## Assignment
Set down, character for character, everything in the records below from the line holding "FEILER 花柄　ショルダーバッグ　ポーチ　フェイラー　黒　ブラック　薔薇" down to the line holding "Vintage Steampunk Retro", and no other line.

## Source records
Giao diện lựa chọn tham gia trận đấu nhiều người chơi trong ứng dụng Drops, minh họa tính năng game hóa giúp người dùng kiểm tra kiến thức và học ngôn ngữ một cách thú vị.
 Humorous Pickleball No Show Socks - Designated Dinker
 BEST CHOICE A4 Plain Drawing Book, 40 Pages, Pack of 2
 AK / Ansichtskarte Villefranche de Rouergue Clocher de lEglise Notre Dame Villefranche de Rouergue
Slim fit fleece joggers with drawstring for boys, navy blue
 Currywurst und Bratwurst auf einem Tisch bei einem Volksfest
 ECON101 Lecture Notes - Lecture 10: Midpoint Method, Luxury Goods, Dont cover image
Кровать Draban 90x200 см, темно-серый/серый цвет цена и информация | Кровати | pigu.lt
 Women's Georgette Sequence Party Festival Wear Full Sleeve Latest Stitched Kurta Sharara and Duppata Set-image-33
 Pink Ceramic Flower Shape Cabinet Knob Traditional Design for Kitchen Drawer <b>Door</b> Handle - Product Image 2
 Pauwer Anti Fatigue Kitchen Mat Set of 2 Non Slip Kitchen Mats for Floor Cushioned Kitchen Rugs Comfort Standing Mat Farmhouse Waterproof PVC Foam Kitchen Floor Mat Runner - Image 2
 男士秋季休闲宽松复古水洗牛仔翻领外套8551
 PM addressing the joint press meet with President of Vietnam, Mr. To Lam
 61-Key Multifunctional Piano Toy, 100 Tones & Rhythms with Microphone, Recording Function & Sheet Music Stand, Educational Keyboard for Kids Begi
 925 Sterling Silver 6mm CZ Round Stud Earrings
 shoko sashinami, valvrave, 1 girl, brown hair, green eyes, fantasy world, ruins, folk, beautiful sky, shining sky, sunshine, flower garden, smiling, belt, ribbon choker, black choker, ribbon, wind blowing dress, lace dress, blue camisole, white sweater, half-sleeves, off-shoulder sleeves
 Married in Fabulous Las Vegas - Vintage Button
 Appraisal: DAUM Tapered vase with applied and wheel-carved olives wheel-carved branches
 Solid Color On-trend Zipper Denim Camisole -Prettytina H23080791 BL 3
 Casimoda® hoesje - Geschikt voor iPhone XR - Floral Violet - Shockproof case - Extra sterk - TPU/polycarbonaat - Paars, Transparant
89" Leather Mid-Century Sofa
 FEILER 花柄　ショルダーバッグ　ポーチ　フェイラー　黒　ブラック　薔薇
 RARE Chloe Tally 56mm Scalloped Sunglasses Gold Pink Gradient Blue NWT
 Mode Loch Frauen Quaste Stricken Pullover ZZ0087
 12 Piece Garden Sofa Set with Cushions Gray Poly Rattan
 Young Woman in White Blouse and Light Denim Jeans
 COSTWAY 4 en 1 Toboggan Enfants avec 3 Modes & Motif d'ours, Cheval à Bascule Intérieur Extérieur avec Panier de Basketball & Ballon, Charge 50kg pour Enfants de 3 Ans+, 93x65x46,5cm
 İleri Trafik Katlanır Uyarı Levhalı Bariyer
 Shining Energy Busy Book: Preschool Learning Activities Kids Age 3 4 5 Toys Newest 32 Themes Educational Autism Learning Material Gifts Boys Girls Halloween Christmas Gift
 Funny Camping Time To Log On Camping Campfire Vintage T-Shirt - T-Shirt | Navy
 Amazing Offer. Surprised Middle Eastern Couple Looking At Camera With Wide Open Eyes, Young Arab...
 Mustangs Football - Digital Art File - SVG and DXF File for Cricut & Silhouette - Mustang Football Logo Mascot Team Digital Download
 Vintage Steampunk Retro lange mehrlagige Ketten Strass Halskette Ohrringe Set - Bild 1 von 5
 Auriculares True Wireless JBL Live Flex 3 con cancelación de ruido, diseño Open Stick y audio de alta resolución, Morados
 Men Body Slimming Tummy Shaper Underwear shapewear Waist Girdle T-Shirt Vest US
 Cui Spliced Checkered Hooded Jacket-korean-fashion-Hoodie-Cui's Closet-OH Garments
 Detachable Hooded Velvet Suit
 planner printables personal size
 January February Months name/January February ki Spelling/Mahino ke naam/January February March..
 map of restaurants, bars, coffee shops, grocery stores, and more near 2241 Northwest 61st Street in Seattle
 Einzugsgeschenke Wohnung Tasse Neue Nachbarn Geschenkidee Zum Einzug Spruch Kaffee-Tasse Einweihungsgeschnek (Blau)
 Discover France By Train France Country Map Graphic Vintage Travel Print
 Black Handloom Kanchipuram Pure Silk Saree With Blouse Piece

## Worked solution
 FEILER 花柄　ショルダーバッグ　ポーチ　フェイラー　黒　ブラック　薔薇
 RARE Chloe Tally 56mm Scalloped Sunglasses Gold Pink Gradient Blue NWT
 Mode Loch Frauen Quaste Stricken Pullover ZZ0087
 12 Piece Garden Sofa Set with Cushions Gray Poly Rattan
 Young Woman in White Blouse and Light Denim Jeans
 COSTWAY 4 en 1 Toboggan Enfants avec 3 Modes & Motif d'ours, Cheval à Bascule Intérieur Extérieur avec Panier de Basketball & Ballon, Charge 50kg pour Enfants de 3 Ans+, 93x65x46,5cm
 İleri Trafik Katlanır Uyarı Levhalı Bariyer
 Shining Energy Busy Book: Preschool Learning Activities Kids Age 3 4 5 Toys Newest 32 Themes Educational Autism Learning Material Gifts Boys Girls Halloween Christmas Gift
 Funny Camping Time To Log On Camping Campfire Vintage T-Shirt - T-Shirt | Navy
 Amazing Offer. Surprised Middle Eastern Couple Looking At Camera With Wide Open Eyes, Young Arab...
 Mustangs Football - Digital Art File - SVG and DXF File for Cricut & Silhouette - Mustang Football Logo Mascot Team Digital Download
 Vintage Steampunk Retro lange mehrlagige Ketten Strass Halskette Ohrringe Set - Bild 1 von 5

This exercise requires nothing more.